第七話 団結するレジスタンス
マタザとの話を終えたフィルモスは、一旦自分の部屋に戻り、次の会議に使う資料を整理しながらカップ1杯の熱いブラックコーヒーを飲み干すと、目的の会議室へと行った。
その部屋も、先程マタザと話した部屋とさほど変わらない面積の部屋だった。その部屋のソファーには既に客が待っていた。先刻の電話の相手、ルーグだ。
髪は白がかった紫色で肩まである長髪、ザフトの緑の制服を着ており、その上からでも、彼の体格の良さがよくわかる。左目はどういう理由かは知らないが、眼帯を着けていた。
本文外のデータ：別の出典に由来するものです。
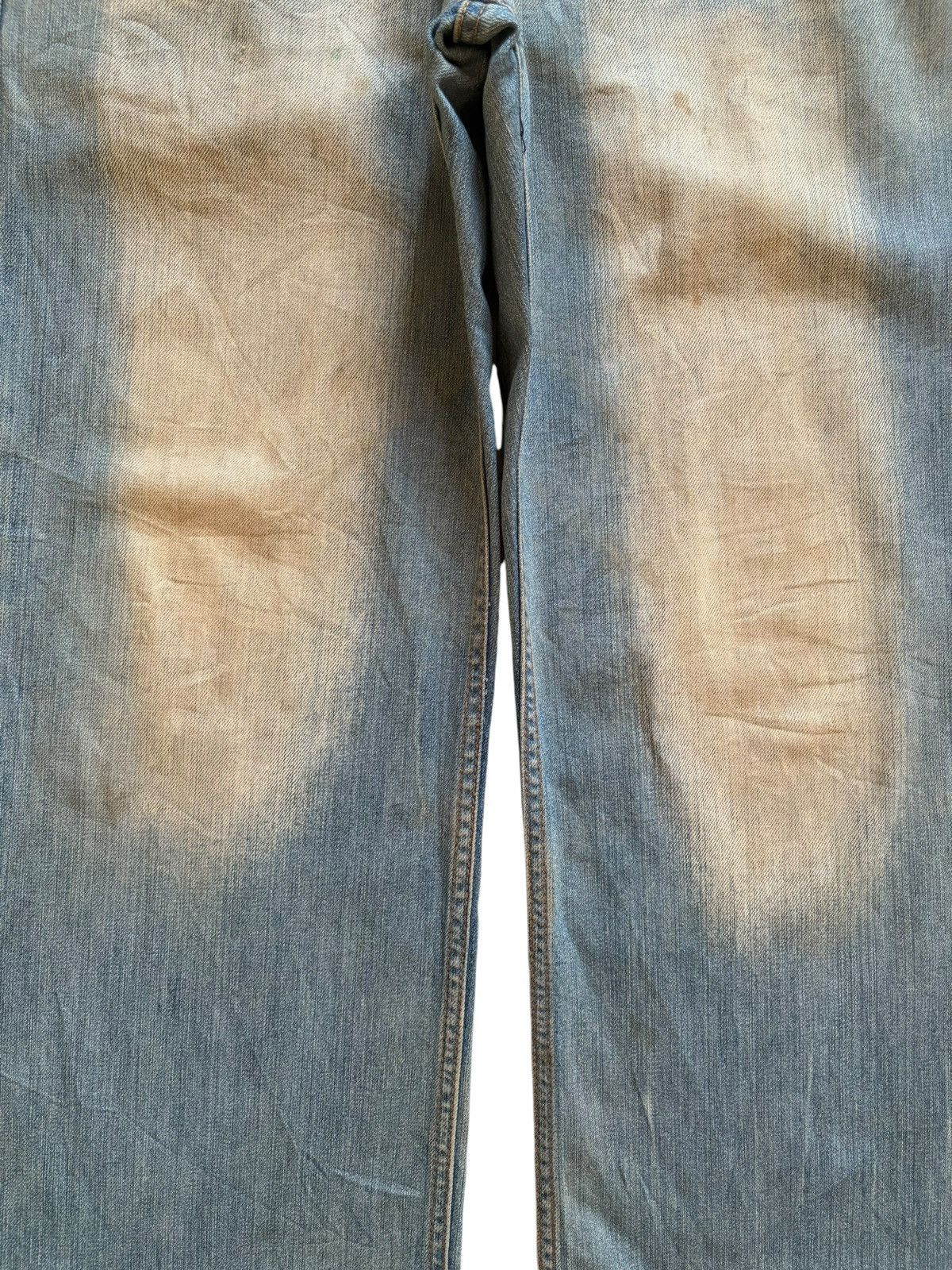 Japanese Brand Vintage Japanese Brand Bleached Rusty Wash Baggy Jeans Size US 32 / EU 48 - 5 Thumbnail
「待たせてすまなかったな。早速だが、依頼の詳細を…――。」
「『アルカナの捕獲或は破壊』と『アバターの捕獲』。それ以上は何も言う事は無いでしょう。」
「……いや、まぁそれはそうだが…。」
ルーグ・スコルビオ、傭兵集団、『黒蠍』のリーダーである。
もっとも、彼等の本業は、宇宙空域に無数にある衛星、小惑星等から資源となるものを回収し、売買することだ。傭兵としての腕も卓越しているが。
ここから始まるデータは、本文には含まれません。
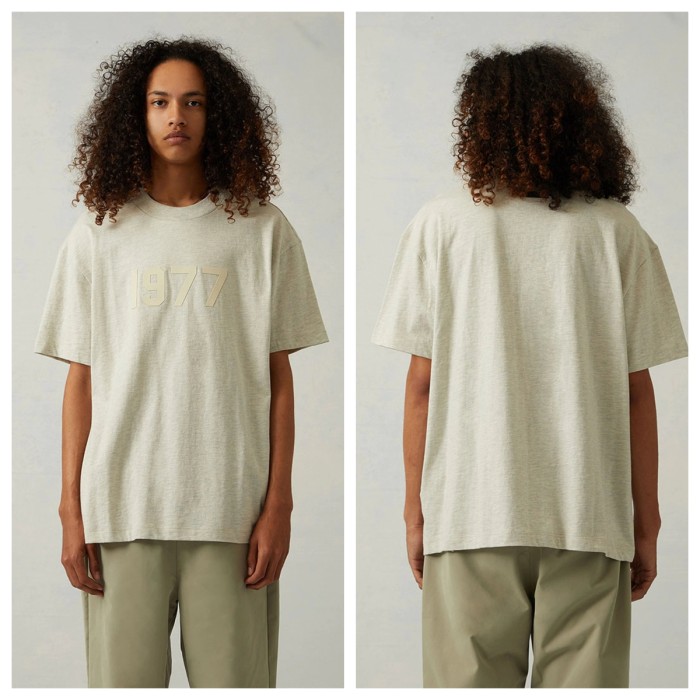 Fear Of God (Essentials) [Big & Tall for weights up to 220 lbs]1:1 quality version 27977313 1977 Flocked Digital tee 4 colors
「仕事内容の確認よりもアルカナのスペックを見せてもらえますか。」
「ああ。これがアルカナのスペックカタログだ。で、これがアルカナの戦闘記録だ。」
フィルモスはアルカナのスペックの書かれた書類をルーグの前に置きながら、手元にあったリモコンを操作した。すると、部屋の照明がゆっくりと暗くなり、部屋の奥の壁がスクリーン――天井からスクリーンが降りてきた――になった。そのスクリーンには、アルカナ脱走時の戦闘映像が写されていた。そしてその映像からは、アルカナの凄まじい性能を窺い知ることが出来た。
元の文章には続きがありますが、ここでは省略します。